As I write this, we have a new president who is promising initiatives to cure the current economic crisis. We wish him well and hope his efforts work.
The financial meltdown that we have experienced will no doubt be the subject of extensive analysis in the years to come. There will be plenty of finger-pointing and attempts to fix the blame, much of it politically motivated. The big question will be: Did we learn anything that will help avoid future meltdowns? History, I believe, indicates that economic memory is short and the most likely answer to that question is no.
I say that because even now a realization is starting to set in that the cause of the bank meltdown started some years ago when a cardinal rule was violated. The rule in point: “Never tear down a fence until you know why it was put there in the first place.”
In 1933, following the “bank holiday,” Congress passed the Glass-Steagall Act, which essentially placed a wall between commercial banks and commerce. It prohibited them from collaborating with full service brokerage firms or participating in investment banking activities. The purpose was to protect the depositors from the additional risks of security transactions.
As time passed and memory dimmed, major banks lobbied hard to tear the fence down so they could expand into the world of commerce. In an act of supreme arrogance, Citicorp merged with Travelers using a loophole in Glass-Steagall that permitted temporary associations, and then they went to Congress, after the fact, to make it legal on a permanent basis. To make it legal the fence provided by Glass-Steagall had to go. Led by then Senator Phil Gramm and cheered on by then Treasury Secretary Rubin, the Gramm-Leach-Bliley Act was passed in 1999 and the fence came tumbling down. Among other things, mortgages were bundled as securities and the result of that appears in the daily news.
But the banks have had help, and warnings that also go back to 1999. In an article which appeared in the September 30, 1999 issue of the New York Times, Steven A. Holmes had this to say, “In a move that could help increase home ownership rates among minorities and low-income consumers, the Fannie Mae Corporation is easing the credit requirements on loans that it will purchase from banks and other lenders.
“The action, which will begin as a pilot program involving 24 banks in 15 markets–including the New York metropolitan region–will encourage those banks to extend home mortgages to individuals whose credit is not good enough to qualify for conventional loans. Fannie Mae officials say they hope to make it a nationwide program by next spring.
“Fannie Mae, the nation’s biggest underwriter of home mortgages, has been under increasing pressure from the Clinton Administration to expand mortgage loans among low and moderate income people and felt pressure from stock holders to maintain its phenomenal growth in profits.
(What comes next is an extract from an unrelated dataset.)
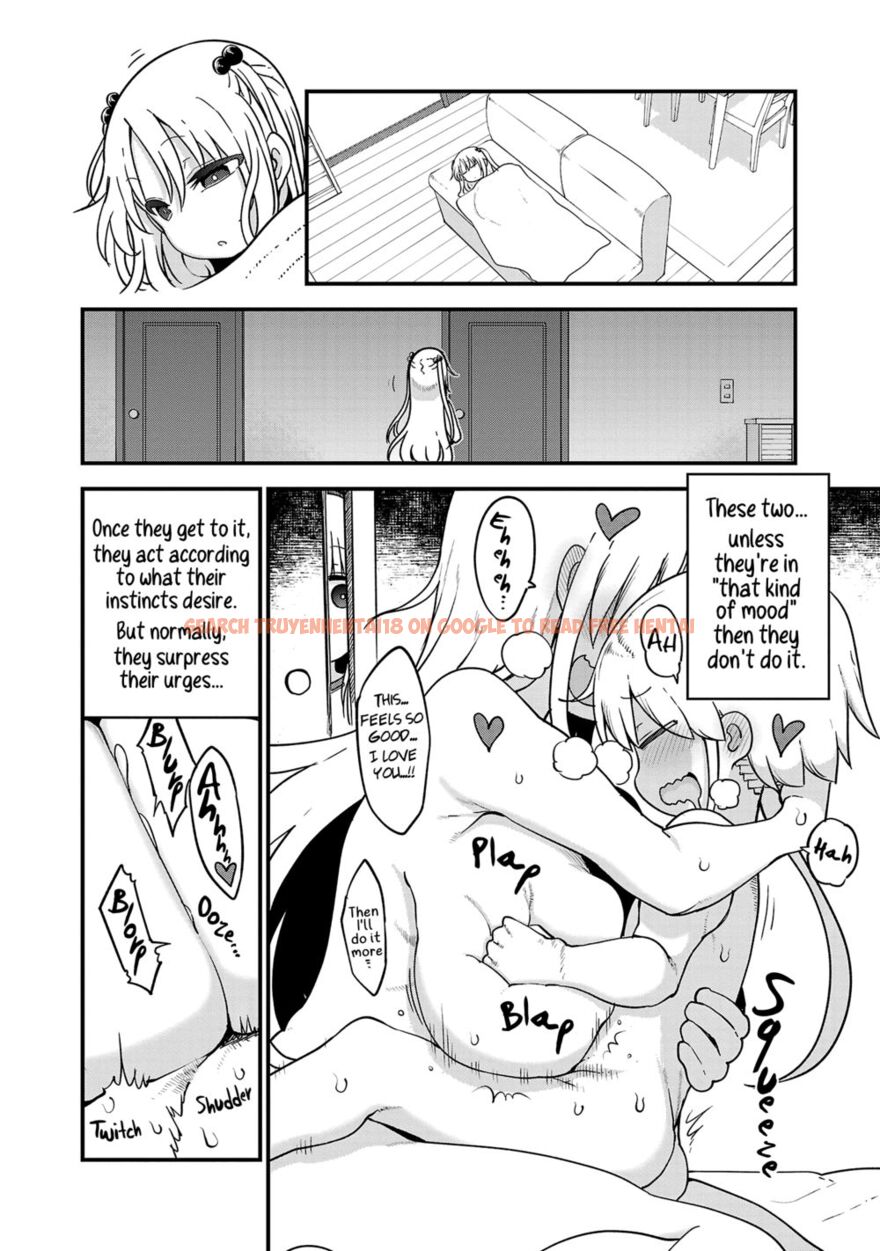 Read Hentai Image 4 e783f in comic Chichi Chichi - Chapter 95 - hentaitnt.net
“In addition, banks, thrift institutions and mortgage companies have been pressing Fannie Mae to help them make more loans to so-called sub-prime borrowers.
“Fannie Mae has expanded home ownership for millions of families in the 1990′s by reducing payment requirements,” said Franklin D. Raines, Fannie Mae’s chairman and chief executive officer, “but there remain too many borrowers whose credit is just a notch below what our underwriting has required who have been relegated to paying significantly higher mortgage rates in the so-called subprime market.
“In moving, even tentatively, into this new area of lending, Fannie Mae is taking on significantly more risk, which may not pose any difficulties during flush economic times. But the government subsidized corporation may run into trouble in an economic downturn, prompting a government rescue similar to that of the savings and loan industry in the 1980′s.”
More recently, borrowers have also contributed to the crisis. Many of the subprime loans would likely have succeeded if borrowers had not used their home equity as an ATM. As home values increased, pressure to use the increased equity to finance consumption and investment came from many sources: banks pushing home equity loans, mortgage brokers “selling” refinancing, and some financial advisors selling “capital transfer,” that is, moving home equity into investments.
Before Congress, meanwhile, the mantra of bank lobbyists continued to be that banks had to grow in order to compete in the global market. Congress obliged and, according to news reports, prominent members of Congress–both in the House and Senate–played significant roles in this road to ruin. And now, sadly, their growth has made them too big to be allowed to fail.
A lesson in how not to compete in the global market can be gleaned from studying the financial collapse in Iceland. All three major banks have failed and Iceland’s currency is in the tank–all because of overzealous banking activity in the global market. Unfortunately, the government of Iceland does not have the resources to bail out the banks, so there will be worldwide repercussions.
It is time to return banks to their primary function of financing commerce rather than being a part of commerce. The fence needs to be rebuilt, but so far a champion for that cause has not appeared. If the new administration is really interested in change, this may be the opportunity.